Nothing
#' Fit a Bayesian model to A/B test data.
#'
#' @description This function fits a Bayesian model to your A/B testing sample data. See \bold{Details} for more information on usage.
#'
#' @param A_data Vector of collected samples from recipe A
#' @param B_data Vector of collected samples from recipe B
#' @param priors Named vector or named list providing priors as required by the specified distribution:
#' \itemize{
#' \item For 'bernoulli' distribution \code{list("alpha" = val1, "beta" = val2)}
#' \item For 'normal' distribution \code{c("mu" = val1, "lambda" = val2, "alpha" = val3, "beta" = val4)}
#' \item For 'lognormal' distribution \code{c("mu" = val1, "lambda" = val2, "alpha" = val3, "beta" = val4)}
#' \item For 'poisson' distribution \code{c("shape" = val1, "rate" = val2)}
#' \item For 'exponential' distribution \code{list("shape" = val1, "rate" = val2)}
#' \item For 'uniform' distribution \code{c("xm" = val1, "alpha" = val2)}
#' \item For 'bernoulliC' distribution: same prior definitions as 'bernoulli'
#' \item For 'poissonC' distribution: same prior definitions as 'poisson'
#' }
#'
#' See \link{plotDistributions} or the \emph{Note} section of this help document for more info.

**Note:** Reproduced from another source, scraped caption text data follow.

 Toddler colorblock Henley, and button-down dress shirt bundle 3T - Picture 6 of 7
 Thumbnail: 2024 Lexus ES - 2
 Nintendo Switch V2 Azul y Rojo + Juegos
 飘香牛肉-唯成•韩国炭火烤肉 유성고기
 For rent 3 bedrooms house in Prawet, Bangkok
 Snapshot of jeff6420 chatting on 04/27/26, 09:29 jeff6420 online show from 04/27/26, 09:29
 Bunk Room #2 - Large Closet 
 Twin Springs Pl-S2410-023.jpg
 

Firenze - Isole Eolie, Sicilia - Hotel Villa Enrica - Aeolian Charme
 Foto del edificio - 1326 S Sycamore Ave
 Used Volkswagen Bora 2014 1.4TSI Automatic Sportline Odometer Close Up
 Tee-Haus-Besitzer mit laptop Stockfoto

#' @param n_samples Number of posterior samples to draw. Should be large enough for the distribution to converge. 1e5 is a good rule of thumb.
#' Not used for closed form tests.
#' @param distribution Distribution of underlying A/B test data.
#' @return A \code{bayesTest} object of the appropriate distribution class.
#'
#' @details \code{bayesTest} is the main driver function of the \bold{bayesAB} package. The input takes two vectors of data,
#' corresponding to recipe A and recipe B of an A/B test. Order does not matter, except for interpretability of the final
#' plots and intervals/point estimates. The Bayesian model for each distribution uses conjugate priors which must
#' be specified at the time of invoking the function. Currently, there are \emph{eight} supported distributions for the underlying data:
#'
#' \itemize{
#'
#' \item Bernoulli: If your data is well modeled by 1s and 0s, according to a specific probability \code{p} of a 1 occurring
#' \itemize{\item For example, click-through-rate /conversions for a page
#' \item Data \bold{must} be in a \{0, 1\} format where 1 corresponds to a 'success' as per the Bernoulli distribution
#' \item Uses a conjugate \code{Beta} distribution for the parameter \bold{p} in the Bernoulli distribution
#' \item \code{alpha} and \code{beta} must be set for a prior distribution over \bold{p}
#' \itemize{\item alpha = 1, beta = 1 can be used as a diffuse or uniform prior}}
#'
#' \item Normal: If your data is well modeled by the normal distribution, with parameters \eqn{\mu}, \eqn{\sigma^2} controlling mean and variance
#' of the underlying distribution
#' \itemize{\item Data \emph{can} be negative if it makes sense for your experiment
#' \item Uses a conjugate \code{NormalInverseGamma} distribution for the parameters \bold{\eqn{\mu}} and \bold{\eqn{\sigma^2}} in the
#' Normal Distribution.
#' \item \code{mu}, \code{lambda}, \code{alpha}, and \code{beta} must be set for prior
#' distributions over \bold{\eqn{\mu, \sigma^2}} in accordance with the parameters of the conjugate prior distributions:
#' \itemize{\item \eqn{\mu, \sigma^2} ~ NormalInverseGamma(mu, lambda, alpha, beta)}
#' \item This is a bivariate distribution (commonly used to model mean and variance of the normal distribution).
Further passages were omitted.